__Aim of the task__: Pictures aside, copy exactly each line from the one that holds "Pyrith, W&uuml;rfelperle, dunkelkhaki, 6x6x6" through the last line of the records below.

[Stored data entries]
***

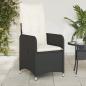 Preview: ARDEBO.de - Gartensessel mit Kissen 2 Stk. Verstellbar Schwarz Poly Rattan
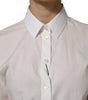 Chemise à col et manches courtes en coton blanc Dolce & Gabbana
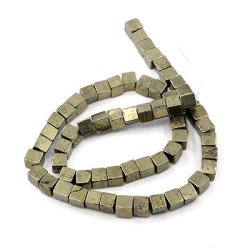 Pyrith, W&uuml;rfelperle, dunkelkhaki, 6x6x6 mm, 6 Stk.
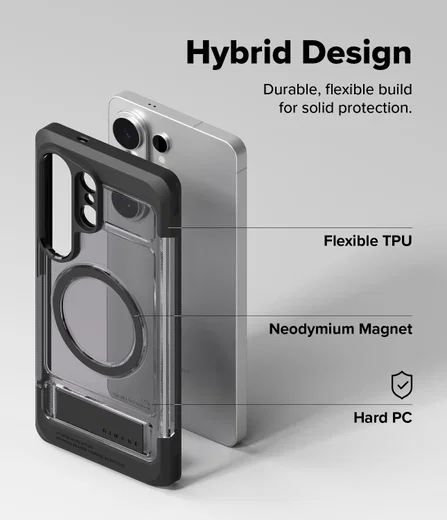 Ringke UX Magnetic Samsung S26 Ultra Hoesje MagSafe met Standaard Clear Zwart afbeelding 14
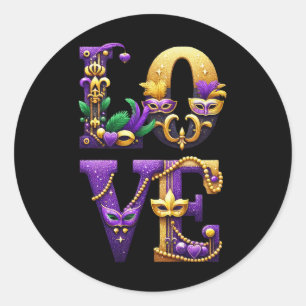 Mardi Gras Love Letters Outfit Costume Men Women M Classic Round Sticker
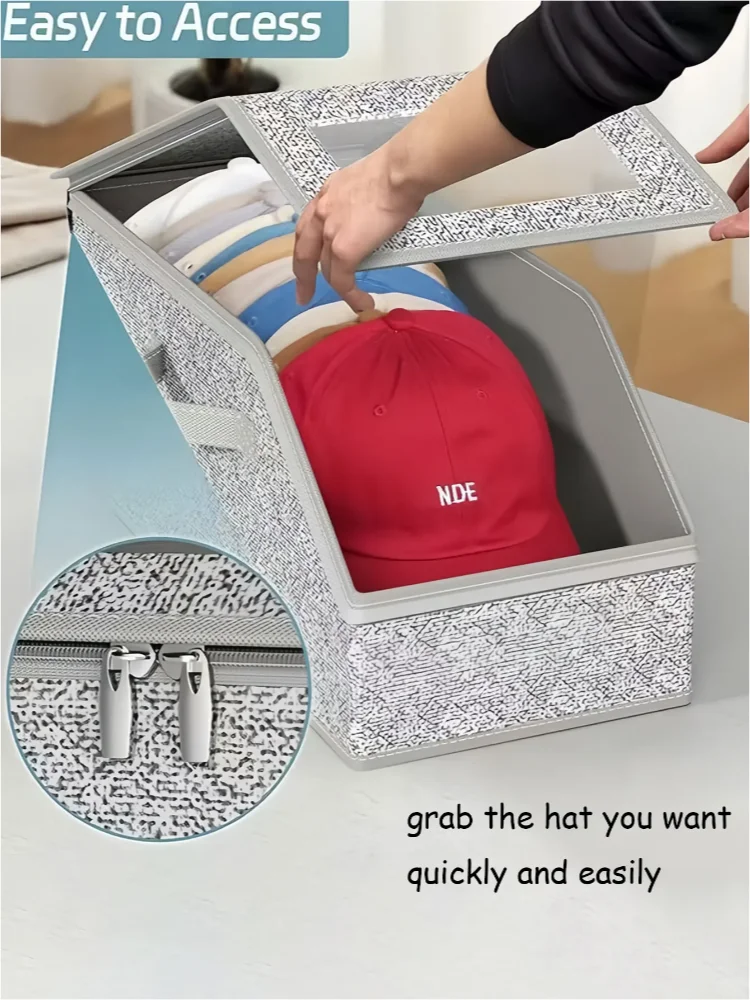 2pcs  Outdoor multifunctional hat storage box, large capacity foldable baseball cap storage with lid and dust-proof storage box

***

__Reply__:
 Pyrith, W&uuml;rfelperle, dunkelkhaki, 6x6x6 mm, 6 Stk.
 Ringke UX Magnetic Samsung S26 Ultra Hoesje MagSafe met Standaard Clear Zwart afbeelding 14
 Mardi Gras Love Letters Outfit Costume Men Women M Classic Round Sticker
 2pcs  Outdoor multifunctional hat storage box, large capacity foldable baseball cap storage with lid and dust-proof storage box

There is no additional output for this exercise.